Narang Vipin, Sung Wing-Kin, Mittal Ankush
Department of Computer Science, 3 Science Drive 2, National University of Singapore, 117543, Singapore.
Genome Inform. 2006;17(2):14-24.
Drosophila melanogaster is one of the most important organisms for studying the genetics of development. The precise regulation of genes during early development is enacted through the control of transcription.
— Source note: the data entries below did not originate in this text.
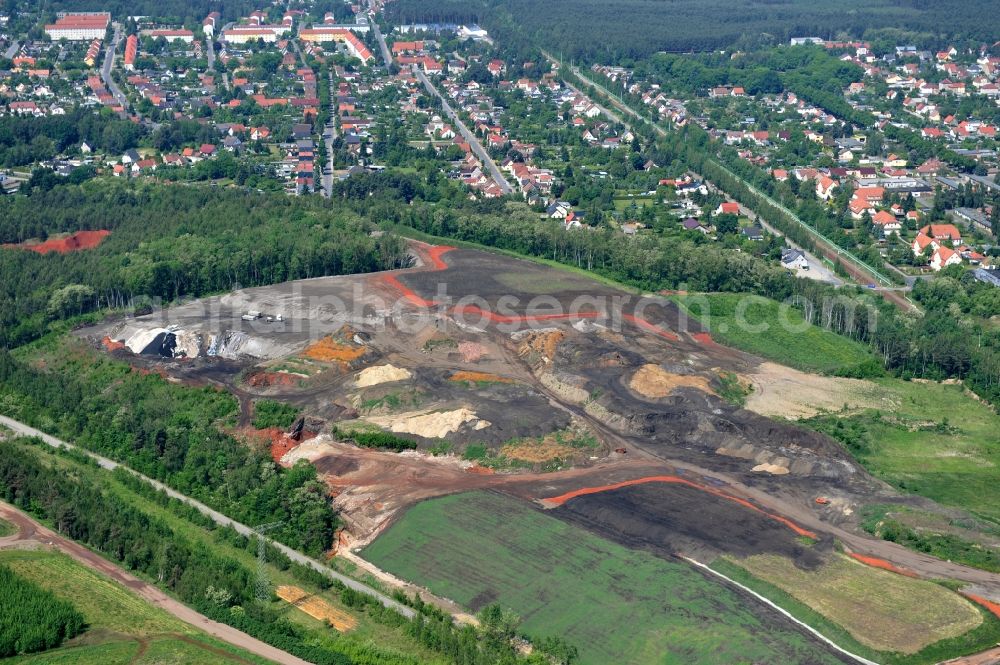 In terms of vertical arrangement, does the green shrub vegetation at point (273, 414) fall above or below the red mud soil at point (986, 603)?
above

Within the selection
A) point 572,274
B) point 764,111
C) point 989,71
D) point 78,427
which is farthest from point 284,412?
point 989,71

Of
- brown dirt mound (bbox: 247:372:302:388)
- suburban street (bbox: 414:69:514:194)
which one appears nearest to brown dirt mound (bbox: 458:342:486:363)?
brown dirt mound (bbox: 247:372:302:388)

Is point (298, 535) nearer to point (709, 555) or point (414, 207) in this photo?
point (709, 555)

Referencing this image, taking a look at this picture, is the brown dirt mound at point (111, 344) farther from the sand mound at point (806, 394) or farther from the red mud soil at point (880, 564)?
Result: the red mud soil at point (880, 564)

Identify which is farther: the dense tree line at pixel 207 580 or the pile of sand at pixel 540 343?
the pile of sand at pixel 540 343

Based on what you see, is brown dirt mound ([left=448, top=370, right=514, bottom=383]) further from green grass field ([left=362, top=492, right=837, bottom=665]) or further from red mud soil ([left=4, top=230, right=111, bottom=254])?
Answer: red mud soil ([left=4, top=230, right=111, bottom=254])

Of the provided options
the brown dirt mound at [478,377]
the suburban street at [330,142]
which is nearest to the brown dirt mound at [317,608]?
the brown dirt mound at [478,377] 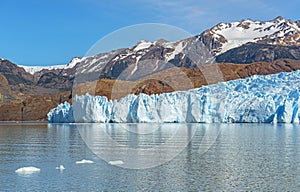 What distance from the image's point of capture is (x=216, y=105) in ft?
243

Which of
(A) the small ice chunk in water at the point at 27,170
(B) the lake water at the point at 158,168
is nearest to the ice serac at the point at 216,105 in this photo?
(B) the lake water at the point at 158,168

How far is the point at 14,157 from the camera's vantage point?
30484 mm

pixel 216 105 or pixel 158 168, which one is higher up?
pixel 216 105

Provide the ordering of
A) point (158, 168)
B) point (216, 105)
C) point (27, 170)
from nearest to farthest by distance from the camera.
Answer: point (27, 170) → point (158, 168) → point (216, 105)

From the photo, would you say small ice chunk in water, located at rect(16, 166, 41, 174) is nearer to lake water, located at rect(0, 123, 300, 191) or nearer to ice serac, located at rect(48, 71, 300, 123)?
lake water, located at rect(0, 123, 300, 191)

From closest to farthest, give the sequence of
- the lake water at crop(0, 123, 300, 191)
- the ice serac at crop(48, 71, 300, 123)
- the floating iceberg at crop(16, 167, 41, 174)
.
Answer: the lake water at crop(0, 123, 300, 191) < the floating iceberg at crop(16, 167, 41, 174) < the ice serac at crop(48, 71, 300, 123)

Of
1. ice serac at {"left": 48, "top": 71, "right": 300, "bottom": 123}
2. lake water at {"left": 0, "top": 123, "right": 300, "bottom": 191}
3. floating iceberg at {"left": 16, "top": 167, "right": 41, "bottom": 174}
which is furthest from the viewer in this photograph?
ice serac at {"left": 48, "top": 71, "right": 300, "bottom": 123}

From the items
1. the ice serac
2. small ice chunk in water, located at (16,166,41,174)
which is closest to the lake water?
small ice chunk in water, located at (16,166,41,174)

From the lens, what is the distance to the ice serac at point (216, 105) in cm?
7075

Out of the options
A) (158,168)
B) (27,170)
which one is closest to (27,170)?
(27,170)

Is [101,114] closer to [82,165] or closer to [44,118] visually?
[82,165]

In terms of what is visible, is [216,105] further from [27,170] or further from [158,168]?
[27,170]

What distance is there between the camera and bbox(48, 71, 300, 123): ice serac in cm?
7075

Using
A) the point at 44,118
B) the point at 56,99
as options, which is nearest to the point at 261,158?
the point at 44,118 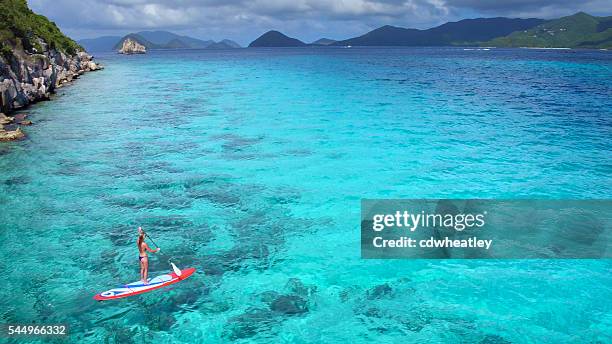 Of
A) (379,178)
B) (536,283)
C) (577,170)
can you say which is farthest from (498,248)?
(577,170)

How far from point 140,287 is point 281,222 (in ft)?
27.9

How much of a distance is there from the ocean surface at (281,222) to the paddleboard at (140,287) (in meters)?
0.30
The control circuitry is hardwired in the genome as clusters of multiple transcription factor binding sites (TFBS) known as cis-regulatory modules (CRMs). A number of TFBS and CRMs have been experimentally annotated in the Drosophila genome. Currently about 661 CRM sequences are known, of which 155 have been annotated with 778 TFBS. This work attempts computational annotation of TFBS in the remaining 506 uncharacterized Drosophila CRMs. The difficulty of this task lies in the fact that experimental data is insufficient for constructing reliable positional weight matrices (PWM) to predict the TFBS. Thus a novel feature extraction and classification method for TFBS detection has been implemented in this work. The method achieves both high sensitivity and low false positive rate in cross-validation studies. As a result of this work, a new database has been compiled which aggregates all the CRM and TFBS annotation information for Drosophila available to date, and appends new TFBS annotations.
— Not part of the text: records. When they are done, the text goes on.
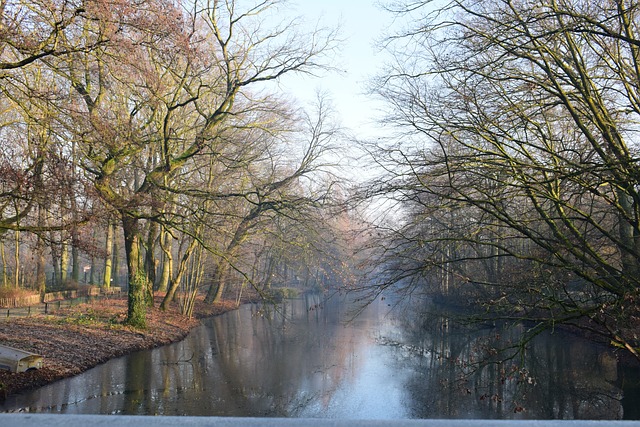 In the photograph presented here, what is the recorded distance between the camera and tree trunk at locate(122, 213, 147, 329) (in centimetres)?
1745

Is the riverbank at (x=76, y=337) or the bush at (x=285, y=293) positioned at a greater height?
the bush at (x=285, y=293)

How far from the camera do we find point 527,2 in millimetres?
8555

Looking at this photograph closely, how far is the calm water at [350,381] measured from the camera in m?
10.6

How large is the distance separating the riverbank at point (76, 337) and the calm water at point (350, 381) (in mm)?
392

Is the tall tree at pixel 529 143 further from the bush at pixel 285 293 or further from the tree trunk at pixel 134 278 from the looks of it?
the bush at pixel 285 293

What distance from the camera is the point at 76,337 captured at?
15.9 metres

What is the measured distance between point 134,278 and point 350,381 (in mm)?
8301

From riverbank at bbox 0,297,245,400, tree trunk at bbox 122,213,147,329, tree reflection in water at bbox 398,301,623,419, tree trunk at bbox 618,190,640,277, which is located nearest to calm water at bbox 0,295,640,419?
tree reflection in water at bbox 398,301,623,419

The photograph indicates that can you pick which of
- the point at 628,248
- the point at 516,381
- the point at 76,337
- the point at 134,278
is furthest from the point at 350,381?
the point at 134,278

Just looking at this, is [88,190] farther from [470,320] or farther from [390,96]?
[470,320]

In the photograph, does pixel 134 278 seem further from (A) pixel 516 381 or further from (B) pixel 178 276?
(A) pixel 516 381

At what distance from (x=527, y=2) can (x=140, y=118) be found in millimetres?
14767

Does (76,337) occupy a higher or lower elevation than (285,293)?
lower

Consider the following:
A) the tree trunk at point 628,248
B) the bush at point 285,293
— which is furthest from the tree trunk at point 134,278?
the bush at point 285,293
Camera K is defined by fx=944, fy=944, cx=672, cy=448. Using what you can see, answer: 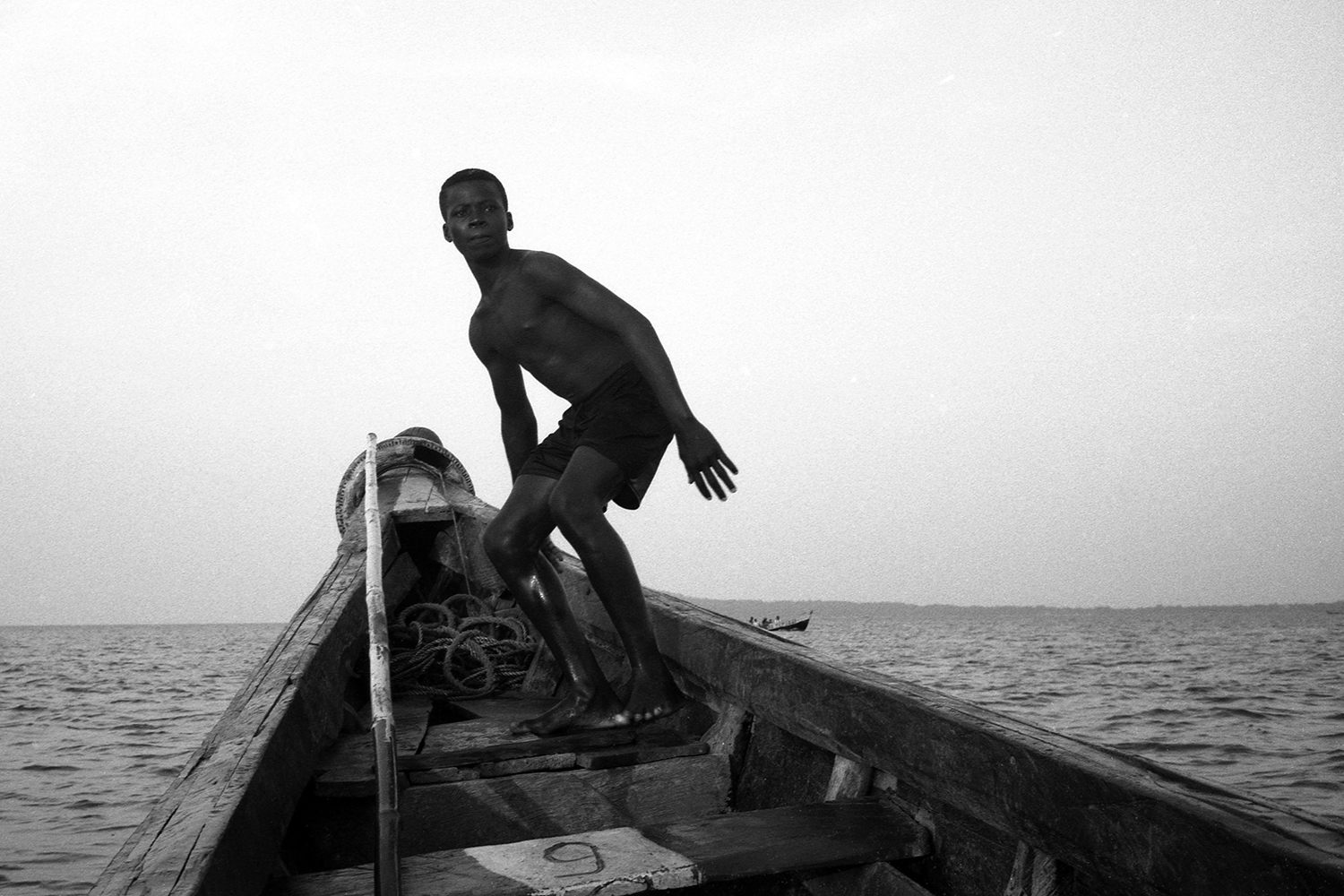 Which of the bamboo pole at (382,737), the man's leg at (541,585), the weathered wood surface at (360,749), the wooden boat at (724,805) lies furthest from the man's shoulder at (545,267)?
the weathered wood surface at (360,749)

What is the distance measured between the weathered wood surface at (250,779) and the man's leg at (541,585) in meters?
0.60

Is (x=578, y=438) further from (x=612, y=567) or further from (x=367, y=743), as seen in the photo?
(x=367, y=743)

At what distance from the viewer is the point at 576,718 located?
2.73 m

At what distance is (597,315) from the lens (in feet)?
9.07

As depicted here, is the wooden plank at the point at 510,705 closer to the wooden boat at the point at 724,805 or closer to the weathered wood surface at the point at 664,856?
the wooden boat at the point at 724,805

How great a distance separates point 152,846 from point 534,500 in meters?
1.61

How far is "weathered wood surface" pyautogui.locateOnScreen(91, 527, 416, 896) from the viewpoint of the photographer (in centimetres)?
138

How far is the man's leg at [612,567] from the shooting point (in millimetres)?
2711

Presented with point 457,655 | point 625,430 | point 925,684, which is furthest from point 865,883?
point 925,684

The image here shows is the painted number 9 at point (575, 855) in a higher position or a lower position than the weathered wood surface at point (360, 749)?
lower

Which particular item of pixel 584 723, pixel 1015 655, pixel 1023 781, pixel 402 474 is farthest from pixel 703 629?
pixel 1015 655

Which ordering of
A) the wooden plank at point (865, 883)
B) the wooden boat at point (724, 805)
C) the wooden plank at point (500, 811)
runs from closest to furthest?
the wooden boat at point (724, 805)
the wooden plank at point (865, 883)
the wooden plank at point (500, 811)

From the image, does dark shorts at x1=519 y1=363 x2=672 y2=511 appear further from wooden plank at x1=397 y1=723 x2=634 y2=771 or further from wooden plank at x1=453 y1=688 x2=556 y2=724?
wooden plank at x1=453 y1=688 x2=556 y2=724

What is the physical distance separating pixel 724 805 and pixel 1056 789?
117 cm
黑腹果蝇是研究发育遗传学最重要的生物之一。早期发育过程中基因的精确调控是通过转录控制来实现的。控制电路以多个转录因子结合位点(TFBS)簇的形式硬连接在基因组中,这些簇被称为顺式调控模块(CRM)。在果蝇基因组中,已经通过实验注释了许多TFBS和CRM。目前已知约661个CRM序列,其中155个已用778个TFBS进行了注释。这项工作尝试对其余506个未表征的果蝇CRM中的TFBS进行计算注释。这项任务的困难在于,实验数据不足以构建可靠的位置权重矩阵(PWM)来预测TFBS。因此,这项工作中实现了一种用于TFBS检测的新颖特征提取和分类方法。该方法在交叉验证研究中实现了高灵敏度和低假阳性率。这项工作的结果是,汇编了一个新数据库,该数据库汇总了迄今为止可用的所有果蝇CRM和TFBS注释信息,并附加了新的TFBS注释。